[Records from a dataset]

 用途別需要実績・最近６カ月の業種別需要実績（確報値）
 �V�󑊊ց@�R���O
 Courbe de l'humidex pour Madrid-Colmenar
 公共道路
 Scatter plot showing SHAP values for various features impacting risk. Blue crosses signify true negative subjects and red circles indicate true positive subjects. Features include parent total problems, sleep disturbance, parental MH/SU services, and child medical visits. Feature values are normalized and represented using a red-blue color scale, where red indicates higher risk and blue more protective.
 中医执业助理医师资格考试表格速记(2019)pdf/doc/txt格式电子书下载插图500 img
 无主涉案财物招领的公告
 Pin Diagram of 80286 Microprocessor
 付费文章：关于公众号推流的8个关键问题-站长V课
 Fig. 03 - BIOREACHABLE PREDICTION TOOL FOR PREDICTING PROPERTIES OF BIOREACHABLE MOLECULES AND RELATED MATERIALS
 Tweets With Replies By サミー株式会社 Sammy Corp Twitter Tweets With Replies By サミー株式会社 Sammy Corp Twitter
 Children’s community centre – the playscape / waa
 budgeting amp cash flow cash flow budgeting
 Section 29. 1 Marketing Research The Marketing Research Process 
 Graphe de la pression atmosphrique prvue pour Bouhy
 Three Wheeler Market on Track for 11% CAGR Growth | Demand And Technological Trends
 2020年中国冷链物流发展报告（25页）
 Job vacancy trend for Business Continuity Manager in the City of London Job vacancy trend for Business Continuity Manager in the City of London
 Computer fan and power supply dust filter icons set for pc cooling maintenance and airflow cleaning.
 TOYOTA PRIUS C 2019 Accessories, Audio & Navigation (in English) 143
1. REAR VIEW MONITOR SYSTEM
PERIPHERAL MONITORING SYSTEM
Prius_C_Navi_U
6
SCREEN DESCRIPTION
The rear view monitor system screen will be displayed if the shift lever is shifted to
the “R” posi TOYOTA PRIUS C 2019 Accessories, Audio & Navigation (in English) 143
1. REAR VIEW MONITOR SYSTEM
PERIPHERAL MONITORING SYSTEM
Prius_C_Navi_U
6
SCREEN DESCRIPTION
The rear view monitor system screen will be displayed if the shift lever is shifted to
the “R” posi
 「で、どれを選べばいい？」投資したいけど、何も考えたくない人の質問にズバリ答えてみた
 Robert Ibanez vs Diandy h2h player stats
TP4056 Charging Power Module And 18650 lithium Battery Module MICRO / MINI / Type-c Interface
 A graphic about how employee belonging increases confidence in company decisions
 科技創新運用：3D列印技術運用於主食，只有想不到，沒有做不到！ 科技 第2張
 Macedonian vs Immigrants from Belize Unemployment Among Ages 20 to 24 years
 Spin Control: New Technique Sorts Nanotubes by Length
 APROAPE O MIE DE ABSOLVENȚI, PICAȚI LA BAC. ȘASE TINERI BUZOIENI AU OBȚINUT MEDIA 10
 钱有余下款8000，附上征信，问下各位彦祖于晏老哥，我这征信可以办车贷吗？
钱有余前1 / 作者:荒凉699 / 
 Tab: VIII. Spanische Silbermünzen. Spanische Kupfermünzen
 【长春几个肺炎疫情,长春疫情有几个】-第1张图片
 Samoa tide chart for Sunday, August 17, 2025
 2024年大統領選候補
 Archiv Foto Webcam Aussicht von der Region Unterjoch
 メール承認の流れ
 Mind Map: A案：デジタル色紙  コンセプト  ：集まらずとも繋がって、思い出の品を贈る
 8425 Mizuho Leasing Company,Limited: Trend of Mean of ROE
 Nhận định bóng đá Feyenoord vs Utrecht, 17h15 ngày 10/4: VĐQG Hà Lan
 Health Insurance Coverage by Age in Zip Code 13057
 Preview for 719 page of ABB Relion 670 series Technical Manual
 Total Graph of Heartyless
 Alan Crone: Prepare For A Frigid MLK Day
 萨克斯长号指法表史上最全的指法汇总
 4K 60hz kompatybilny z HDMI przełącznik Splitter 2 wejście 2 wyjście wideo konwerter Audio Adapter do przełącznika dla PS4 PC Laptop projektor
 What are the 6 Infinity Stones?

▶ [Work order]:
Reproduce every record above, word for word.

▶ [Completed task]:
 用途別需要実績・最近６カ月の業種別需要実績（確報値）
 �V�󑊊ց@�R���O
 Courbe de l'humidex pour Madrid-Colmenar
 公共道路
 Scatter plot showing SHAP values for various features impacting risk. Blue crosses signify true negative subjects and red circles indicate true positive subjects. Features include parent total problems, sleep disturbance, parental MH/SU services, and child medical visits. Feature values are normalized and represented using a red-blue color scale, where red indicates higher risk and blue more protective.
 中医执业助理医师资格考试表格速记(2019)pdf/doc/txt格式电子书下载插图500 img
 无主涉案财物招领的公告
 Pin Diagram of 80286 Microprocessor
 付费文章：关于公众号推流的8个关键问题-站长V课
 Fig. 03 - BIOREACHABLE PREDICTION TOOL FOR PREDICTING PROPERTIES OF BIOREACHABLE MOLECULES AND RELATED MATERIALS
 Tweets With Replies By サミー株式会社 Sammy Corp Twitter Tweets With Replies By サミー株式会社 Sammy Corp Twitter
 Children’s community centre – the playscape / waa
 budgeting amp cash flow cash flow budgeting
 Section 29. 1 Marketing Research The Marketing Research Process 
 Graphe de la pression atmosphrique prvue pour Bouhy
 Three Wheeler Market on Track for 11% CAGR Growth | Demand And Technological Trends
 2020年中国冷链物流发展报告（25页）
 Job vacancy trend for Business Continuity Manager in the City of London Job vacancy trend for Business Continuity Manager in the City of London
 Computer fan and power supply dust filter icons set for pc cooling maintenance and airflow cleaning.
 TOYOTA PRIUS C 2019 Accessories, Audio & Navigation (in English) 143
1. REAR VIEW MONITOR SYSTEM
PERIPHERAL MONITORING SYSTEM
Prius_C_Navi_U
6
SCREEN DESCRIPTION
The rear view monitor system screen will be displayed if the shift lever is shifted to
the “R” posi TOYOTA PRIUS C 2019 Accessories, Audio & Navigation (in English) 143
1. REAR VIEW MONITOR SYSTEM
PERIPHERAL MONITORING SYSTEM
Prius_C_Navi_U
6
SCREEN DESCRIPTION
The rear view monitor system screen will be displayed if the shift lever is shifted to
the “R” posi
 「で、どれを選べばいい？」投資したいけど、何も考えたくない人の質問にズバリ答えてみた
 Robert Ibanez vs Diandy h2h player stats
TP4056 Charging Power Module And 18650 lithium Battery Module MICRO / MINI / Type-c Interface
 A graphic about how employee belonging increases confidence in company decisions
 科技創新運用：3D列印技術運用於主食，只有想不到，沒有做不到！ 科技 第2張
 Macedonian vs Immigrants from Belize Unemployment Among Ages 20 to 24 years
 Spin Control: New Technique Sorts Nanotubes by Length
 APROAPE O MIE DE ABSOLVENȚI, PICAȚI LA BAC. ȘASE TINERI BUZOIENI AU OBȚINUT MEDIA 10
 钱有余下款8000，附上征信，问下各位彦祖于晏老哥，我这征信可以办车贷吗？
钱有余前1 / 作者:荒凉699 / 
 Tab: VIII. Spanische Silbermünzen. Spanische Kupfermünzen
 【长春几个肺炎疫情,长春疫情有几个】-第1张图片
 Samoa tide chart for Sunday, August 17, 2025
 2024年大統領選候補
 Archiv Foto Webcam Aussicht von der Region Unterjoch
 メール承認の流れ
 Mind Map: A案：デジタル色紙  コンセプト  ：集まらずとも繋がって、思い出の品を贈る
 8425 Mizuho Leasing Company,Limited: Trend of Mean of ROE
 Nhận định bóng đá Feyenoord vs Utrecht, 17h15 ngày 10/4: VĐQG Hà Lan
 Health Insurance Coverage by Age in Zip Code 13057
 Preview for 719 page of ABB Relion 670 series Technical Manual
 Total Graph of Heartyless
 Alan Crone: Prepare For A Frigid MLK Day
 萨克斯长号指法表史上最全的指法汇总
 4K 60hz kompatybilny z HDMI przełącznik Splitter 2 wejście 2 wyjście wideo konwerter Audio Adapter do przełącznika dla PS4 PC Laptop projektor
 What are the 6 Infinity Stones?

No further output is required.